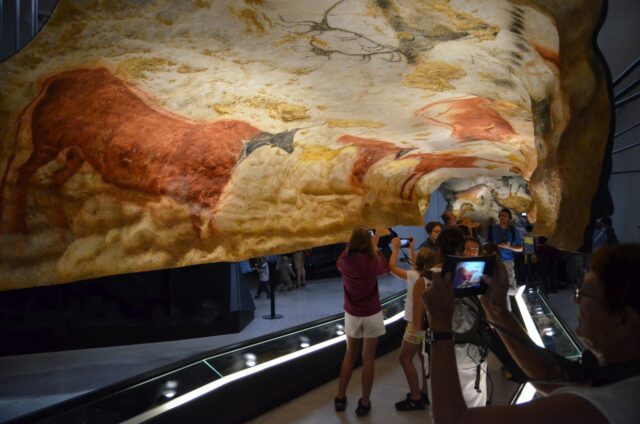 Lascaux IV présente l'art de la grotte et l'explique sur des panneaux à regarder de très près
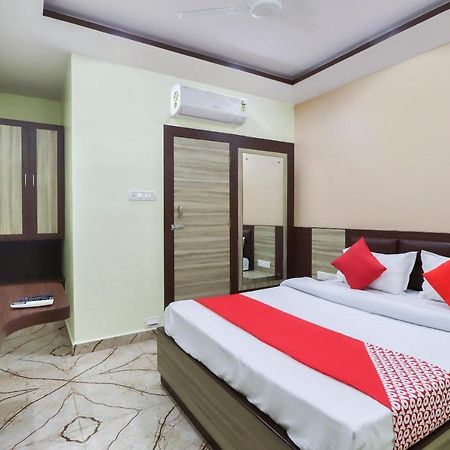 Capital O Hotel 7Th Heaven Jamshedpur Exterior foto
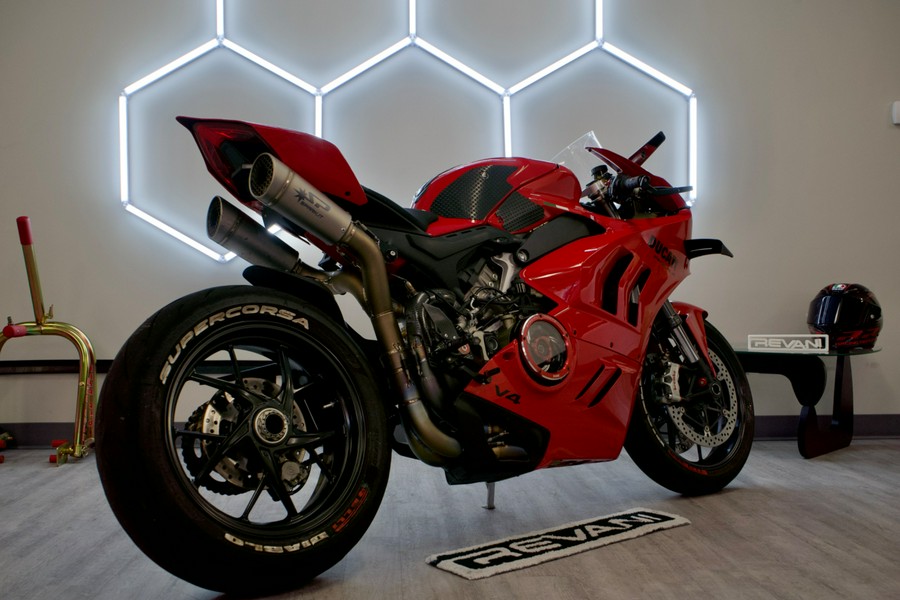 2022 Ducati Panigale V4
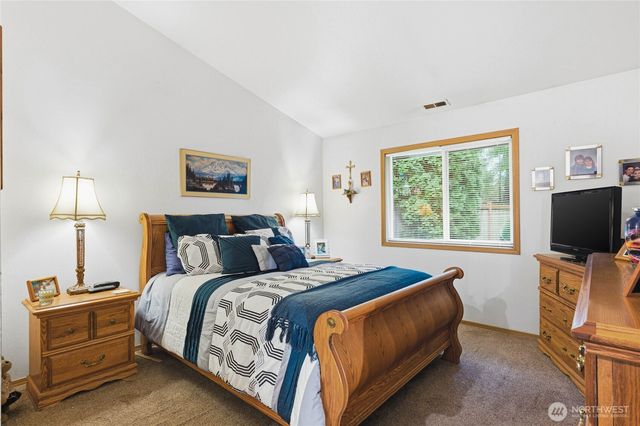 13325 105th Avenue Ct E, Puyallup, WA 98374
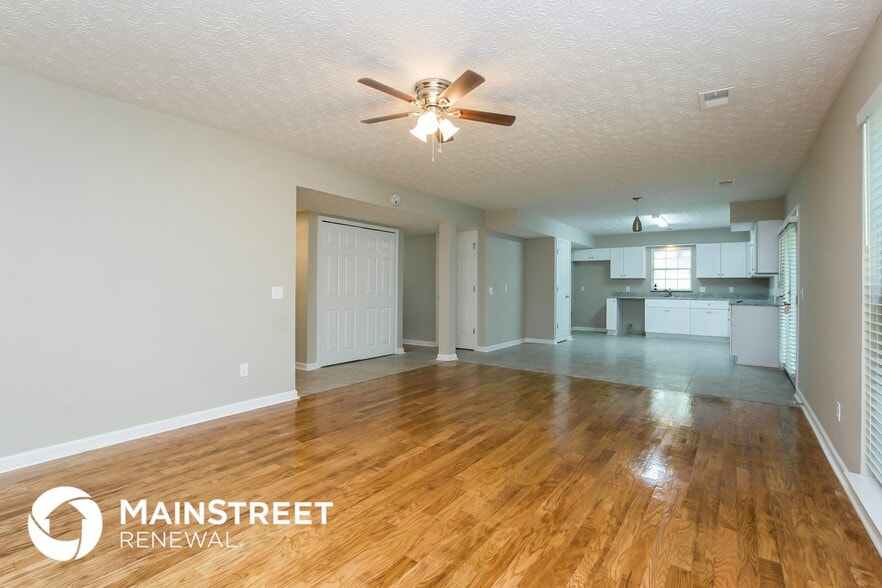 Building Photo - 1901 Shadbark Ct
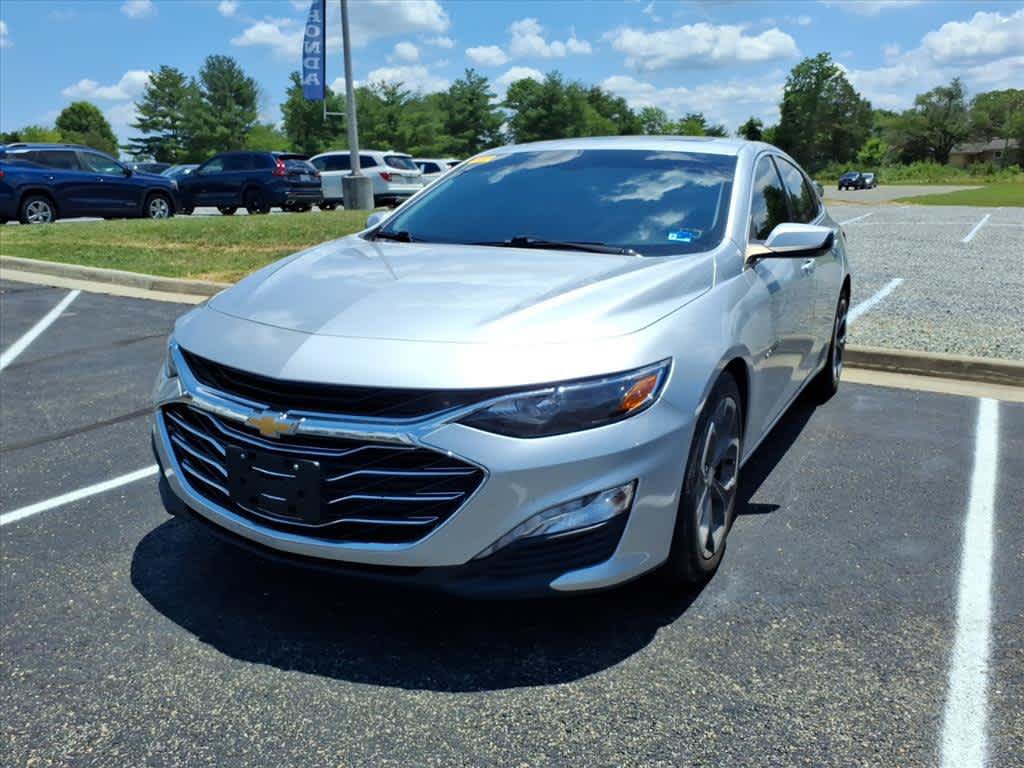 Used 2022 Chevrolet Malibu LT FWD image 3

---

# EXERCISE GOAL:
Transcribe every line from the one containing "2022 Ducati Panigale V4" to the end of the listing, exactly and exclusively. Do not carry any picture over.

# ANSWER TO THIS PROBLEM:
 2022 Ducati Panigale V4
 13325 105th Avenue Ct E, Puyallup, WA 98374
 Building Photo - 1901 Shadbark Ct
 Used 2022 Chevrolet Malibu LT FWD image 3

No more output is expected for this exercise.